她相信,一个好的城市雕塑会成为所在城市的精神载体,会潜移默化地影响那里的人,促使大家去把城市建设得更好。“城市雕塑应当体现一座城市的文化内涵,要有代表性、历史性、时代性、纪念性、人文性。一座城市的文化,决定了城市雕塑会生长成什么样子。”

▲重庆长江大桥桥头,《春夏秋冬》雕塑。首席记者 龙帆 摄

她坦言,从版画转向雕塑是个人艺术生涯中一个艰苦又勇敢的历程,“尽管我仍旧迷恋色彩,许多艺术构思也在我心中涌动。但我更想创作出真正符合人民和时代需要的精神地标,因为弘扬正能量是每个艺术家的责任!”

在传统文化中回归

“我想表达源远流长的中华文化,表达深刻的哲思。”

与江碧波交谈,很难不被她的个人魅力感染。那魅力来自她举手投足间的优雅,来自她孩童般纯真的笑脸,还来自她永远保有的对生活的热情。那热情似火,永不熄灭,发自内心。
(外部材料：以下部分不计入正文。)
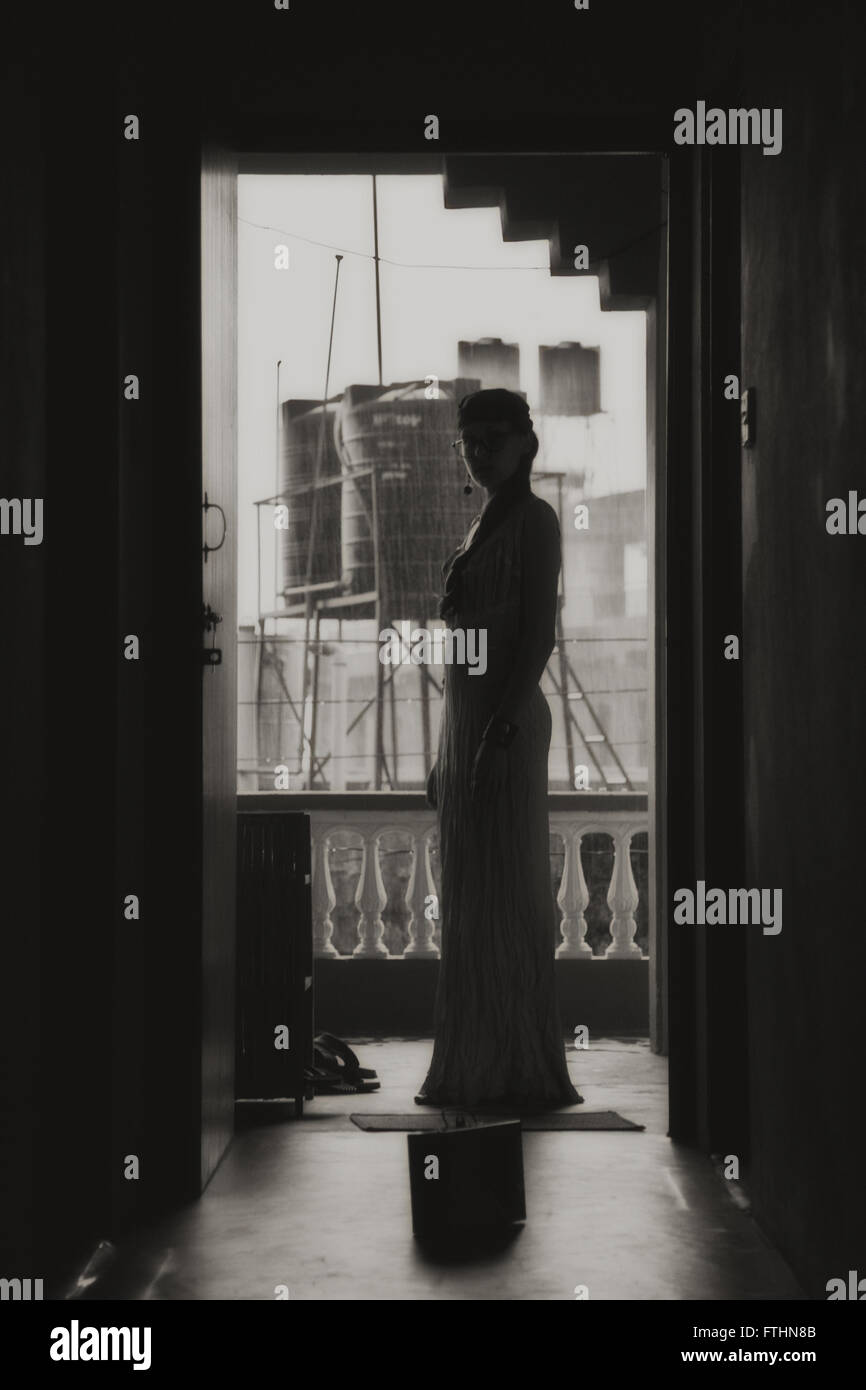 Silhouette of a young woman wearing a long dress in a doorway Stock Photo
她说人这一生要承受得了鲜花和掌声,更要耐得住寂寞。“我始终很享受在自己的意境里花开花落,享受自己的空间和天地,无论与多少个别人在一起,都是与一个人的自己在一起,我可能是个享受孤独的人。这一点,我像我的父亲,他就是个喜欢孤独的人。”

“无论外部环境如何变化,你一定要保存好善良、淳朴、浪漫、真诚的天性与丰富灵动的想象力。要保持旺盛的好奇心与求知欲,不断去探索和发现新的东西,向内探寻。”说这话时,她神情笃定。
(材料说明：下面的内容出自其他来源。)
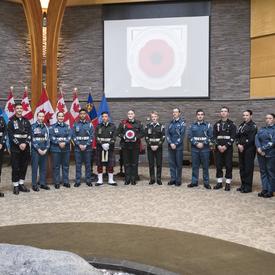 The Governor General, Mr. Thomas Irvine (President of the Legion) and a group of 15 Cadets and Junior Rangers stand in a semi-circle as an image of a digital Poppy is projected on the screen behind them.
中华优秀传统文化是江碧波向内探寻的宝库。1992年,中国外文局出版大型画册《东方魂》,收录了江碧波的《石门颂》《村姑》《山洞的风》《哈尼姑娘》《山鬼》等作品。画册里交织着人物、动物、植物、神灵形象,或动或静,或歌或舞,扑朔迷离,变化莫测。观者难免感叹,江碧波如何创作出如此自由奔放、充满想象和大胆超前的作品?

“对人与自然、中国民俗文化题材的关注和热爱,既有内部因素也有外部因素。”江碧波告诉笔者,1977年高考恢复后,身为川美绘画系副主任的她,开始审视自己,艺术创作的归宿,到底在哪里?“我已经不再年轻,但内心还涌动着创作的热情,在不断思考内省中,我慢慢找到了自己,我想我要表达源远流长的中华文化,表达深刻的哲思,要拓宽自己的艺术路径。”

1979年,作为带队老师之一,江碧波带领川美77级同学到敦煌写生,在一个星期的写生和考察结束后,学生们按计划回川美,她却独自留在莫高窟,进行了为期一个多月的创作。

“莫高窟那时条件很苦,每天蒙蒙亮,我就带着小板凳、油画棒和两个馒头进洞作画,直到天黑下来完全看不见才出来。洞里光线十分有限,常常要进去适应一阵,壁画的样子和颜色才能模模糊糊地进入视野。我只能通过意识与壁画中的人物景物交流,边看边记边画。”

这组从莫高窟带回的蜡笔画,色彩艳丽古朴,沧桑感扑面而来,是江碧波挑战自我极限记录下的神思与创作同步的生命体验。诗人余光中当年在碧波艺苑参观后,对这组作品感动不已,回台湾后专门寄来《敦煌壁画赞》组诗六首,用诗歌与江碧波的画作隔空唱和。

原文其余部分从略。